New Roman Catholic bishop named

Roman Catholic Bishop of Arlington Paul Loverde (left) and his successor, Bishop Michael Burbidge, share a light moment during an Oct. 4, 2016, media briefing at the Cathedral of St. Thomas More in Arlington. (Photo by Brian Trompeter)

For the first time in 17 years, the Catholic Diocese of Arlington has a new bishop.

Pope Francis on Oct. 4 appointed Bishop Michael Burbidge to become the fourth bishop of Arlington. He will be installed Dec. 6 and succeed Bishop Paul Loverde, who has led the diocese since 1999.

To develop a vision for the Arlington diocese, Burbidge said he would listen, travel throughout the diocese and bring the joy of the gospel to its parishes and missions.

“We must imitate the compassion of Jesus, especially in our outreach to the poor and those in most need, which this diocese is known for,” he said. “We must celebrate and defend and protect the sacredness of all human life and the dignity of each and every human person, without exception.”

Burbidge, 59, has spent the last decade as Bishop of the Diocese of Raleigh in North Carolina and said serving there had brought him great joy

Born in Philadelphia on June 16, 1957, the second son of Francis and Shirley Burbidge, the new bishop went to Catholic grade schools and in 1975 earned his diploma from Cardinal O’Hara High School in Springfield, Pa.

Bishop Burbidge later attended  St. Charles Borromeo Seminary and John Cardinal Krol in 1984 ordained a him a priest of the Archdiocese of Philadelphia. The bishop holds a bachelor’s degree in philosophy and a master’s in theology from St. Charles Borromeo Seminary, plus a master’s in education administration from Villanova University and a doctorate in education from Immaculata College.

Burbidge pledged his loyalty and faithful obedience to the Pope. The announcement occurred on the Feast Day of St. Francis of Assisi, and Burbidge said he was reminded to strive daily to achieve the saint’s simplicity, humility and charity.

“In imitation of St. Francis, and especially in these unsettling times, we must also be instruments of peace and help to alleviate all forms of hatred and violence and division,” he said.

The new bishop called the Diocese of Arlington faithful and vibrant and said in his acceptance letter to the Pope that he would tirelessly work to build upon the strong foundation provided by his three predecessors.

Burbidge called Bishop Loverde a “treasured friend” and said he would depend on the outgoing bishop’s support, prayers and wisdom.

Loverde, 76, said he was confident parishioners would find Burbidge approachable, welcoming, perceptive and attentive.

“He teaches faith with integrity, with joy, with clarity,” Loverde said. “You will find within him great pastoral care and warmth.”

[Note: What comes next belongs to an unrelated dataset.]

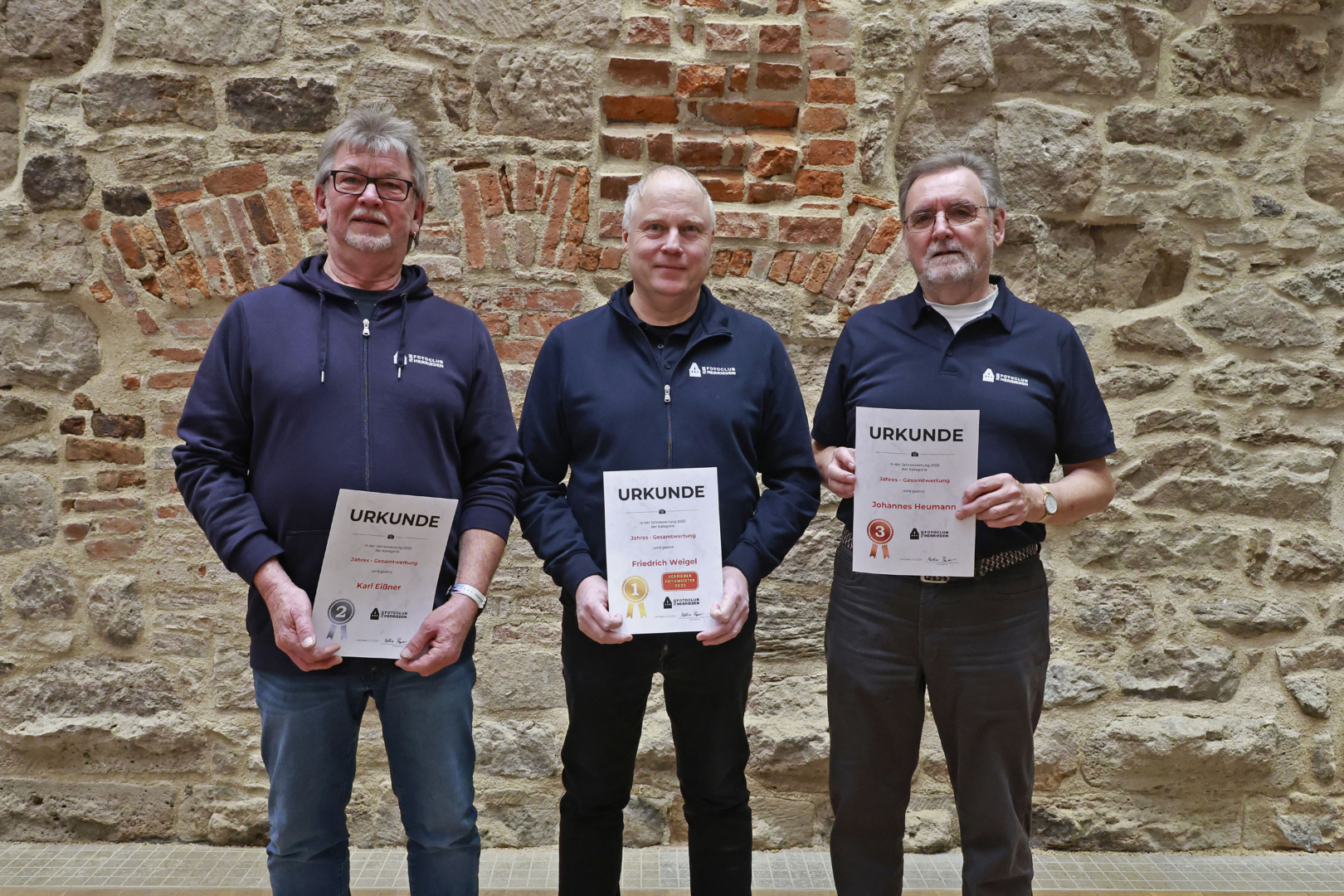 Von links: Karl Eißner (2. Platz), Friedrich Weigel (1. Platz), Johannes Heumann (3. Platz) - Jahresgesamtwertung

Asked how he would help victims of abuse by clergy members, Burbidge said each such meeting would be an “opportunity to convey our deep apologies and regrets for any such actions . . . I assure the victims and their families that I will continue this great work.”

The diocese, with 468,000 registered Catholics and about 160,000 unregistered ones, faces challenges of ongoing growth, Loverde said.

Burbidge allowed he still had strong allegiances to the professional sports teams in Philadelphia, but was ready to hop on the Washington Nationals’ bandwagon.

His coat of arms reflects his history and beliefs: a Celtic cross to honor his Irish heritage, a fleur de lis to honor the Blessed Mother, the sword of St. Michael, the crown of St. Charles Borromeo and the star from the shield of the Archdiocese of Philadelphia.

While not specifying which candidates people should vote for in the upcoming election, church leaders will encourage their flock to do homework and read more than headlines and blogs to learn about the office seekers, he said.

“We very much say it’s essential  that we bring our faith into the public arena,” Burbidge said.